The count file is similar to the name file in that it is used to represent the number of duplicate sequences for a given representative sequence.

mothur > summary.seqs(fasta=stool.unique.fasta, count=stool.count_table)

summary && contigsreport && alignreport

The summary parameter allows you to provide a *.summary file as an input file.

mothur > summary.seqs(summary=stability.trim.contigs.good.unique.good.summary)

		Start	End	NBases	Ambigs	Polymer	NumSeqs
Minimum:	1250	11550	250	0	3	1
2.5%-tile:	1968	11550	252	0	4	4711
25%-tile:	1968	11550	252	0	4	47109
Median: 	1968	11550	252	0	4	94218
75%-tile:	1968	11550	253	0	5	141326
97.5%-tile:	1968	11550	253	0	6	183724
Maximum:	1968	13383	259	0	8	188434
Mean:	1967	11550	252	0	4
# of unique seqs:	20336
total # of seqs:	188434

The contigsreport parameter allows you to provide the *contigs.report file as input.

mothur > summary.seqs(contigsreport=stability.contigs.report)

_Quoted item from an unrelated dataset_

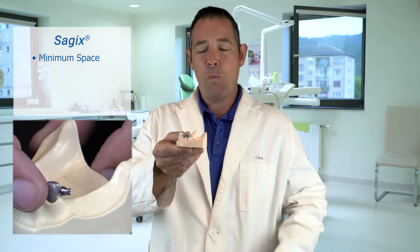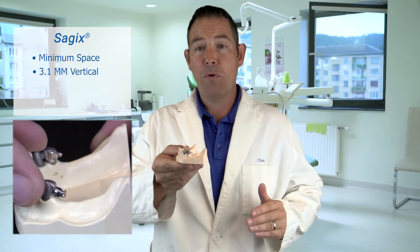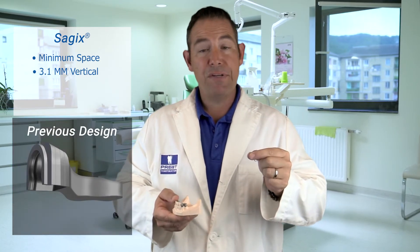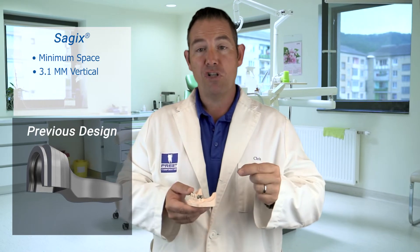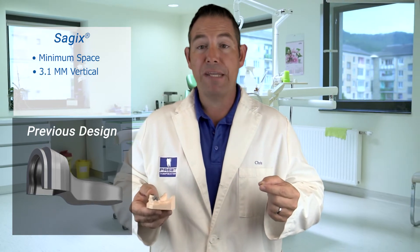The other part is that it's minimum space. As you can see here, the 1.7 millimeter Sagix, including the prefabricated housing, only requires 3.1 millimeters of vertical. We recently redesigned this housing because we listened to you. Our previous housing was big — much longer, much taller. And the other housings on the market are also huge, that's if you can even find a prefab where you don't have to cast it.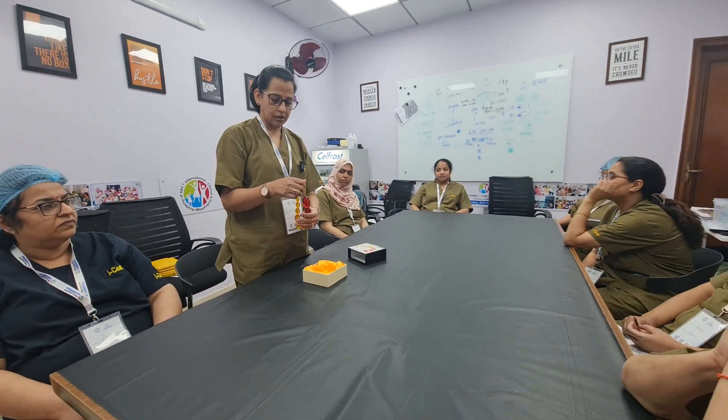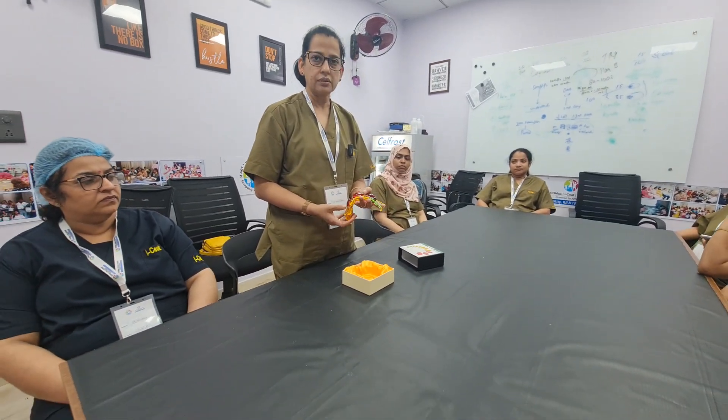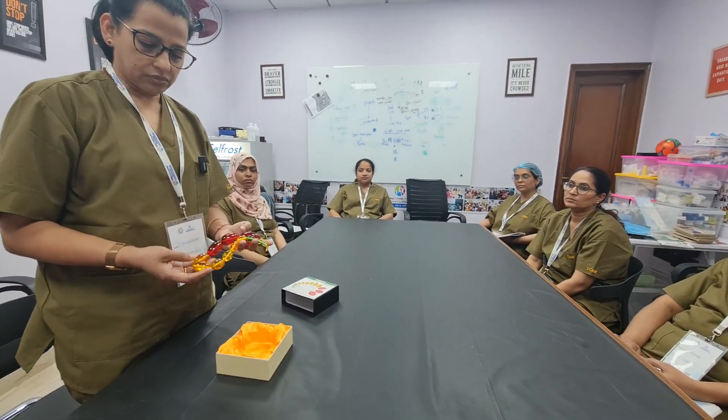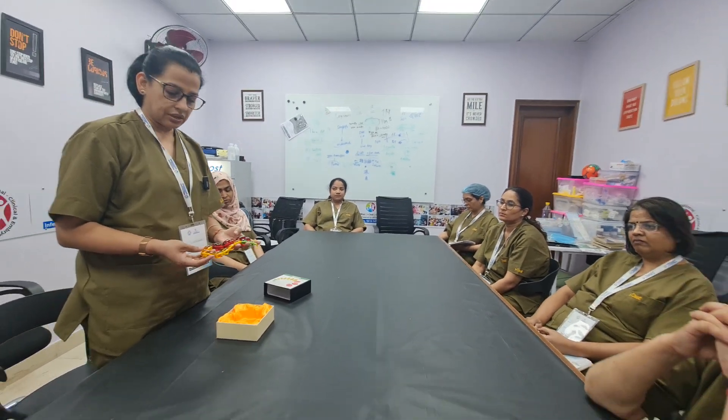During the male examination, estimation of testicular volume is very important, especially in the pubertal age group, which can give us an idea about the adequacy of the testosterone level and the testicular volume using these rosary beads. In the pubertal age group, smaller than expected volume can give us an idea about primary or secondary hypogonadism. And larger volume might indicate towards some abnormalities like fragile X syndrome, etc.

		Length	Overlap_Length	Overlap_Start	Overlap_End	MisMatches	Num_Ns	NumSeqs
Minimum:	246	0	0	83	0	0	1
2.5%-tile:	252	248	1	251	0	0	5699
25%-tile:	252	249	1	251	0	0	56989
Median: 	252	249	2	251	2	0	113978
75%-tile:	253	250	2	251	7	0	170967
97.5%-tile:	253	250	3	252	31	7	222257
Maximum:	501	254	251	263	124	238	227955
Mean:	252	248	2	251	5	0
# of Seqs:	227955

The align report parameter allows you to provide an align.report file as input.

mothur > summary.seqs(alignreport=stability.MISeq_SOP.trim.contigs.good.unique.align.report)

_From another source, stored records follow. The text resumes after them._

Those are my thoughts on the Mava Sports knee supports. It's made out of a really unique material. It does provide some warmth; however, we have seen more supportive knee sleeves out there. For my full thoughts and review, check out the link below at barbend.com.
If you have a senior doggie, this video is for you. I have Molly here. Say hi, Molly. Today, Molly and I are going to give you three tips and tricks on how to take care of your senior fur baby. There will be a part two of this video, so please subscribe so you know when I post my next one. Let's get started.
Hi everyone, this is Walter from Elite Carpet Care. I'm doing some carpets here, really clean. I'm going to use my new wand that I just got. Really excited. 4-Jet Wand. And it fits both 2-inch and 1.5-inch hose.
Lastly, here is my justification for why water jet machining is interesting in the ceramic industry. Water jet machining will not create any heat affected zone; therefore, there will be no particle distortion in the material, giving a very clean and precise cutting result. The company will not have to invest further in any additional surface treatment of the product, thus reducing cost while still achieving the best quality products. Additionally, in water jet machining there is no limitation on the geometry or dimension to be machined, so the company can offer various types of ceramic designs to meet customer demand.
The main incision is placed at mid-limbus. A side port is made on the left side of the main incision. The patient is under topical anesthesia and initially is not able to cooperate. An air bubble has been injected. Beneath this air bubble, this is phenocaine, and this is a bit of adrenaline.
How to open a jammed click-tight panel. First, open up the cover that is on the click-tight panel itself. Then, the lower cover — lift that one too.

		Length	SimBtwnQueryTemplate	LongestInsert	SearchScore	NumSeqs
Minimum:	250	70	0	12	1
2.5%-tile:	252	86	0	48	411
25%-tile:	252	92	0	63	4107
Median: 	253	94	0	71	8214
75%-tile:	253	97	0	87	12320
97.5%-tile:	254	99	0	96	16016
Maximum:	270	100	3	100	16426
Mean:	252	94	0	74
# of Seqs:	16426


processors

The processors option enables you to accelerate the summary process by using multiple processors. Default processors=Autodetect number of available processors and use all available. You can use 2 processors with the following option:

mothur > summary.seqs(fasta=stool.unique.fasta, name=stool.names, processors=2)

Revisions

  • 1.22.0 - Added processors option for Windows users.
  • 1.22.0 - Added NumSeqs and mean values to output.
  • 1.28.0 - Added count option
  • 1.31.0 - Bug Fix: 32bit machines processing a file larger than 4G could hang
  • 1.39.1 - Adds file mismatch check
  • 1.40.0 - Adds summary, contigsreport, alignreport parameters. #319
  • 1.40.0 Rewrite of threaded code. Default processors=Autodetect number of available processors and use all available.